DATASET EXCERPT -
————

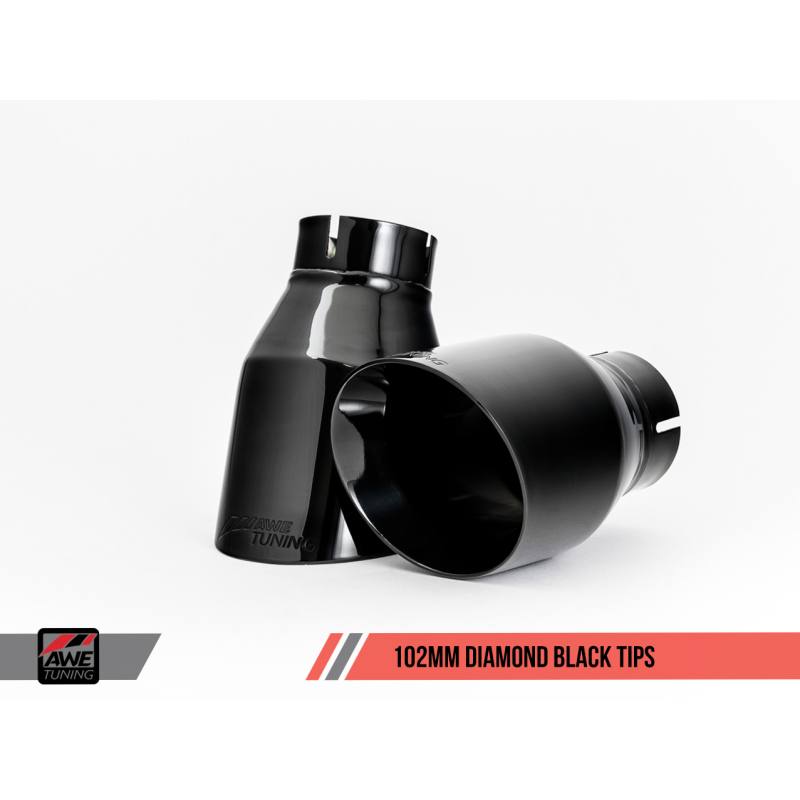 AWE Tuning Audi B9 A4 Touring Edition Exhaust Dual Outlet - Diamond Black Tips (Includes DP)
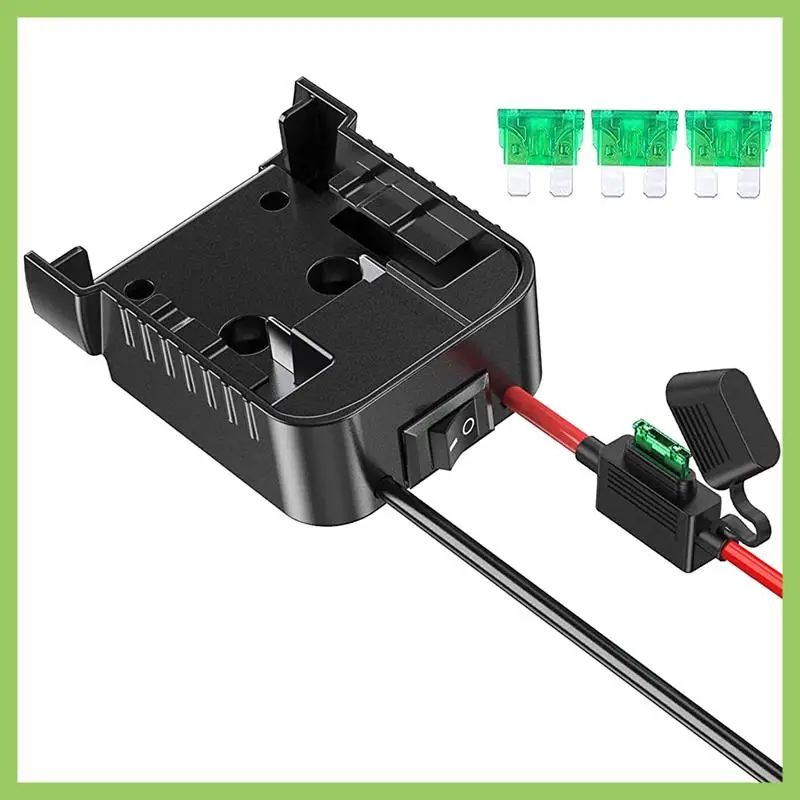 

12AWG Power Wheels Adapter For 18V Team Lithium Battery Power Connector DIY W/Switch Durable Easy Install Easy To Use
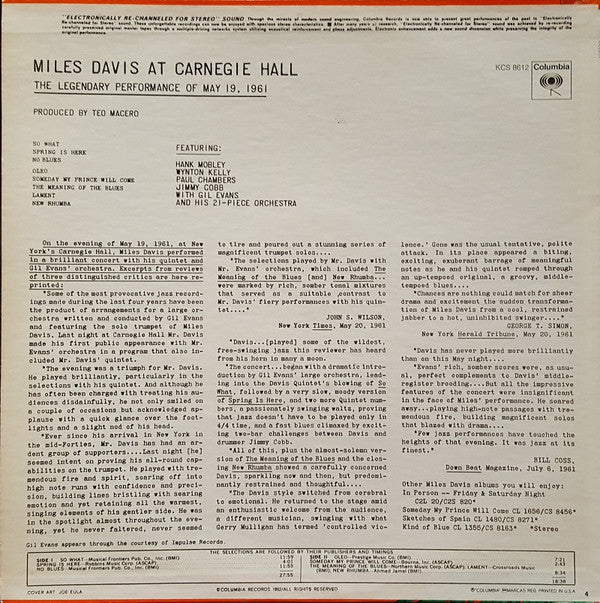 Release: Miles Davis At Carnegie Hall-Vinyl-US-None-PC 8612, KCS 8612-8339566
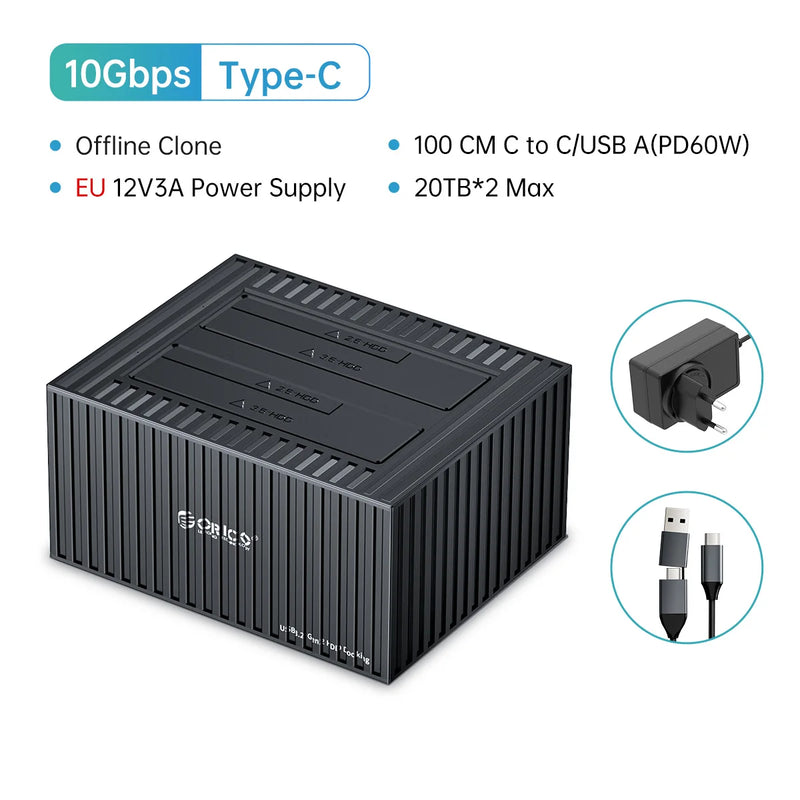 ORICO-Dual-Bay Docking Station, Type-C, 5Gbps, 2.5 ", 3.5" HDD, SSD, 12V, 3A Power, UASP Container Design 10Gbps type-c cable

————

INSTRUCTIONS TO FOLLOW - The answer is to be the lines from the line that contains "Release: Miles Davis" through the last line of the material, retyped exactly, both included, with pictures left out, please.

TASK ANSWER -
 Release: Miles Davis At Carnegie Hall-Vinyl-US-None-PC 8612, KCS 8612-8339566
 ORICO-Dual-Bay Docking Station, Type-C, 5Gbps, 2.5 ", 3.5" HDD, SSD, 12V, 3A Power, UASP Container Design 10Gbps type-c cable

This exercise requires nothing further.